Using the records that follow, work out the number of lines with the word "Vintage" in them; reply with that number only.

▶ _DATA FOR PROCESSING_:
=======

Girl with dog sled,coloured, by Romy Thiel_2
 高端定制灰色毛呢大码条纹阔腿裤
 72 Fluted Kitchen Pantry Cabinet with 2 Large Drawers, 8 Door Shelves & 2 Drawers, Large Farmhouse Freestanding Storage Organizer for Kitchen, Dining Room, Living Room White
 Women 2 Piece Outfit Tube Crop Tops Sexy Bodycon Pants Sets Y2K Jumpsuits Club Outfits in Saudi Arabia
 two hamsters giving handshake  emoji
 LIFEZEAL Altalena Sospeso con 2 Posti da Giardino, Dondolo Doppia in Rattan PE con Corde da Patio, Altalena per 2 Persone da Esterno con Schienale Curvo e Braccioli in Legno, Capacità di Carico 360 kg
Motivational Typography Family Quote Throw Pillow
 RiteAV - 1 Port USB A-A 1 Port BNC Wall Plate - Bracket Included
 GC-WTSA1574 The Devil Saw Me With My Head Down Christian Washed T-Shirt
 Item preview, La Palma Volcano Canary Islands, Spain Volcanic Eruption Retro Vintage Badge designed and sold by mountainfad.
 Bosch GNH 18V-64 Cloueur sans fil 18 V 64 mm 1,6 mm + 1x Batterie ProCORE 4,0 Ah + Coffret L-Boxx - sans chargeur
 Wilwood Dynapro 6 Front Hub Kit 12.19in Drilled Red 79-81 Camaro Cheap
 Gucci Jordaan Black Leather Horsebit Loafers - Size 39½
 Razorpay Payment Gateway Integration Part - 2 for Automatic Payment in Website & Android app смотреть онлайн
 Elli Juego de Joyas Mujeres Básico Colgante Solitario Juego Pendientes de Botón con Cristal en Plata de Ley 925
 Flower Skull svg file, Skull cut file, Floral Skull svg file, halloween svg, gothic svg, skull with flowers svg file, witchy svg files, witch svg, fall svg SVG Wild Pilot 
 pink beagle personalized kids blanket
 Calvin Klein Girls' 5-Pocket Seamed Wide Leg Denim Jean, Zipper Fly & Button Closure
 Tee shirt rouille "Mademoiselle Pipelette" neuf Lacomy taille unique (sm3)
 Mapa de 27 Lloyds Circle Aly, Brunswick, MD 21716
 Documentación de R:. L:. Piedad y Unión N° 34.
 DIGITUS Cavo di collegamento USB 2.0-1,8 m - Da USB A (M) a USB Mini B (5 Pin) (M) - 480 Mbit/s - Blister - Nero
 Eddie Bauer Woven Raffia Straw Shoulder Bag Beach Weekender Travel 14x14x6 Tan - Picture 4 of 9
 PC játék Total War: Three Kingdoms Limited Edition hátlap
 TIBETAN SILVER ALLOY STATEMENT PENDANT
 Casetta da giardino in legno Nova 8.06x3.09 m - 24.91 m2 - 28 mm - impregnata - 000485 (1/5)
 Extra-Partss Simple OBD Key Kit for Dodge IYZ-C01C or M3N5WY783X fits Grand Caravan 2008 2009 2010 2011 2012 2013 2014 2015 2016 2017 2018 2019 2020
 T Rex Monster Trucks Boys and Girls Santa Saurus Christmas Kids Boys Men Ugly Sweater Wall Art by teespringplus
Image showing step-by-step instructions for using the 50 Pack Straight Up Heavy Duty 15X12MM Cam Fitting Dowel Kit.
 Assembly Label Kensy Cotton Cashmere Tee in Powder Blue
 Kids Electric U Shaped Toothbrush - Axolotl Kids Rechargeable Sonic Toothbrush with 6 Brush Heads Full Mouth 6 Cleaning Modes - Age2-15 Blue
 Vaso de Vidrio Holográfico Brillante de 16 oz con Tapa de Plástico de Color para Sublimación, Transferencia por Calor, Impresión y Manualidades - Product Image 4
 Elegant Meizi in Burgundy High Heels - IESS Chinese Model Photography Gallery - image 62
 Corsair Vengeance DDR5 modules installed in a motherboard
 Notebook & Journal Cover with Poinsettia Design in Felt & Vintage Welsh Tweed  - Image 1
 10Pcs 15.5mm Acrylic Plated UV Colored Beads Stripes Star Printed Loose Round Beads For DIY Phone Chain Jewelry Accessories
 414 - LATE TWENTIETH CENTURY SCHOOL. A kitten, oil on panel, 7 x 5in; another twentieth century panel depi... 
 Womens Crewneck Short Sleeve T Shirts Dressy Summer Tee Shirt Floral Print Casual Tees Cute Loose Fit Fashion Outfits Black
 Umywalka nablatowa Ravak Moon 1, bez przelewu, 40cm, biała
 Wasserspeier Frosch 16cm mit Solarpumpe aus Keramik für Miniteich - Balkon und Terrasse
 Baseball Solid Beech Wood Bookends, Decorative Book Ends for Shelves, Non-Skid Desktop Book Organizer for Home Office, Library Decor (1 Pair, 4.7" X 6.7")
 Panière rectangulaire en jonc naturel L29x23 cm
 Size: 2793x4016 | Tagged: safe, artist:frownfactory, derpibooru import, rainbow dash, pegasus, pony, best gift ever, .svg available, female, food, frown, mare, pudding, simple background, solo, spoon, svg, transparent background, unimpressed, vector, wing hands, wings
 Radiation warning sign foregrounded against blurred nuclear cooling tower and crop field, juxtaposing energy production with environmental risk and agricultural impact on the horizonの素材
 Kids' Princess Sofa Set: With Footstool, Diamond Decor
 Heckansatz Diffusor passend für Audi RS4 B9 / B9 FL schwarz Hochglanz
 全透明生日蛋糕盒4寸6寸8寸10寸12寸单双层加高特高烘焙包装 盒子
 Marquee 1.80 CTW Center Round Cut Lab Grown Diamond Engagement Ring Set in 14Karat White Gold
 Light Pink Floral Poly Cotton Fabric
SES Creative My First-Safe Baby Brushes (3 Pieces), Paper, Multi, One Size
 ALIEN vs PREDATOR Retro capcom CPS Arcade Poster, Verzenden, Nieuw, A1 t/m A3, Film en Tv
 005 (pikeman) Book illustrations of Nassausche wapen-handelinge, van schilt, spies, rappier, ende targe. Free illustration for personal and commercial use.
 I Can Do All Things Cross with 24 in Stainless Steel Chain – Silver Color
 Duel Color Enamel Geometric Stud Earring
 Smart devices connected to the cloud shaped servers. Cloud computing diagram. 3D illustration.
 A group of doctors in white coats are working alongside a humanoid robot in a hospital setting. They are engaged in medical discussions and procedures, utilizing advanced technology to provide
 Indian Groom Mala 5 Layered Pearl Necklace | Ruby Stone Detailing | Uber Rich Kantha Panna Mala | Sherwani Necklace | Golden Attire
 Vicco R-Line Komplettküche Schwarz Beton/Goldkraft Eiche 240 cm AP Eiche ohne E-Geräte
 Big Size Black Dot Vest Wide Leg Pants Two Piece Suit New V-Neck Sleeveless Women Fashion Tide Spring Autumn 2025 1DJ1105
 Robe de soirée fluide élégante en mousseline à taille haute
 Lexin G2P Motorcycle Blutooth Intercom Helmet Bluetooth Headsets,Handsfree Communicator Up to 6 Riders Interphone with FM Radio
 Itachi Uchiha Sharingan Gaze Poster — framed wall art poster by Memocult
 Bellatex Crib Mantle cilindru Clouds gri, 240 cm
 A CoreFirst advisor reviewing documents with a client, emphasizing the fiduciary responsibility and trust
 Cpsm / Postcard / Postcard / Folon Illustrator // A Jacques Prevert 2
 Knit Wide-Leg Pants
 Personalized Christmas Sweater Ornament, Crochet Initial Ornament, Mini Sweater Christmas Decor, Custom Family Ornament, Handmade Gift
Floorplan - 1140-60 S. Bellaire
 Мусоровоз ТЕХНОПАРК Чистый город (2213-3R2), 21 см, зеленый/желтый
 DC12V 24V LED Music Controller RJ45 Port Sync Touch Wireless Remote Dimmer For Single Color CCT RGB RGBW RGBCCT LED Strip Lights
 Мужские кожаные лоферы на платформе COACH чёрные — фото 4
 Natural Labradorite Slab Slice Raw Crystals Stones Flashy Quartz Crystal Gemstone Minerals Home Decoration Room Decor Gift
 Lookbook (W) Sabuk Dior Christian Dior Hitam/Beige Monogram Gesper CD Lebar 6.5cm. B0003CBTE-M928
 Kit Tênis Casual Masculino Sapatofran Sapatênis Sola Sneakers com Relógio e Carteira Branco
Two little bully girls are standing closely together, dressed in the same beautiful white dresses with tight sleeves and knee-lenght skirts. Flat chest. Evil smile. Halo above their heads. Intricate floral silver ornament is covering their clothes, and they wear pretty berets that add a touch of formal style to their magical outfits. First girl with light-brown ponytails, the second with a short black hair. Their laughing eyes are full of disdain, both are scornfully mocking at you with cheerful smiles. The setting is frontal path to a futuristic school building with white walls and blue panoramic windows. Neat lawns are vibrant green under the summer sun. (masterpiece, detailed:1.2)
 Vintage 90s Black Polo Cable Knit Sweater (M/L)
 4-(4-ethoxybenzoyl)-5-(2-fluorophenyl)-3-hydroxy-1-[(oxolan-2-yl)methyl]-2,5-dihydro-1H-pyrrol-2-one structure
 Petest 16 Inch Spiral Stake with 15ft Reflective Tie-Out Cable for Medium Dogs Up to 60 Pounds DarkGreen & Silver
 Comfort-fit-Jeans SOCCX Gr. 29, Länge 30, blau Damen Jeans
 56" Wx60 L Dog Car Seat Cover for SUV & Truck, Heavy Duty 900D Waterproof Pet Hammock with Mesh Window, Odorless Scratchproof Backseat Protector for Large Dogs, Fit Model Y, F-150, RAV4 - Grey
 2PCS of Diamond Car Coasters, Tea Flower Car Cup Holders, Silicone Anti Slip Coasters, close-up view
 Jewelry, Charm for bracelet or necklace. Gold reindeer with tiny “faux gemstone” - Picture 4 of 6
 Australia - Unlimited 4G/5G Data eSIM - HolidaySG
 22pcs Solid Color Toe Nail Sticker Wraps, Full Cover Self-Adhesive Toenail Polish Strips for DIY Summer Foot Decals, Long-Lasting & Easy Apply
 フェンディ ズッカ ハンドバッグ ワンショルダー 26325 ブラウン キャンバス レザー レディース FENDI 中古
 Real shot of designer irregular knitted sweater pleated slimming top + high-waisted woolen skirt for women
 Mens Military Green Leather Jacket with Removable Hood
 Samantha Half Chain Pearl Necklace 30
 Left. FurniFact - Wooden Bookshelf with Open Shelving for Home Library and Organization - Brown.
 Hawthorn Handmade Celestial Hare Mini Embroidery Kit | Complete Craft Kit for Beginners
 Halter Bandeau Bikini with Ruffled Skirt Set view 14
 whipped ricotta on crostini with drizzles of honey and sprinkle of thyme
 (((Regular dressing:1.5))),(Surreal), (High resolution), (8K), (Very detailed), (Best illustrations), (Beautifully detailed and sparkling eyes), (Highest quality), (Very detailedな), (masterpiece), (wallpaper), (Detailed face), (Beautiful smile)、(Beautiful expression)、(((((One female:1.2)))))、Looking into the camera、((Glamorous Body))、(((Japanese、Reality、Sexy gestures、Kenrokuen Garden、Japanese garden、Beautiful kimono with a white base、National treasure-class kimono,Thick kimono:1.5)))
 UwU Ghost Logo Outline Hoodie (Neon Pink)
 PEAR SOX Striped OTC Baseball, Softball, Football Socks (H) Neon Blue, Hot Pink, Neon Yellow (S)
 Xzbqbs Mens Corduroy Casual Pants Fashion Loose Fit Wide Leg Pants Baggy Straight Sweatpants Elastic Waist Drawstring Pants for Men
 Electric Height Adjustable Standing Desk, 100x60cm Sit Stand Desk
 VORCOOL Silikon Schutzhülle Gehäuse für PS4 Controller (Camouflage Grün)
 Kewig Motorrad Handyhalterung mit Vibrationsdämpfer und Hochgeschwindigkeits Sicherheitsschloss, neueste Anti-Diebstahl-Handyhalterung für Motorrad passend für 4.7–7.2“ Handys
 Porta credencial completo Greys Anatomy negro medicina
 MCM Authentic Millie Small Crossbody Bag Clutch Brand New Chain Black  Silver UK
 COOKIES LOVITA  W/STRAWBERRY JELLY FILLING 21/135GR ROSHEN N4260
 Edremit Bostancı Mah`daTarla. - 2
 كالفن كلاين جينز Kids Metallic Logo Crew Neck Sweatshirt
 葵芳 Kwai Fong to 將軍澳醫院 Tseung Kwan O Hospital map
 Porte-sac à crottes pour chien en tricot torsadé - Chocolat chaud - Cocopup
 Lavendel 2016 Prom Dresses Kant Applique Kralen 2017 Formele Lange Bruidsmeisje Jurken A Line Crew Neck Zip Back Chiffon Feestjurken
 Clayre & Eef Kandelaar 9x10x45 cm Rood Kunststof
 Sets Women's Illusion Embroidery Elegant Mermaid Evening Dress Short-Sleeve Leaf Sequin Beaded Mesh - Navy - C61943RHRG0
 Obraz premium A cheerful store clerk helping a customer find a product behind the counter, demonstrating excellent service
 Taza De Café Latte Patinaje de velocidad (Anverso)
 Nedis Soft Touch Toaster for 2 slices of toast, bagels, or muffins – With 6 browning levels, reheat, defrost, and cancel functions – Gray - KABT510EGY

=======

▶ _ANSWER FOR THE TASK_:
3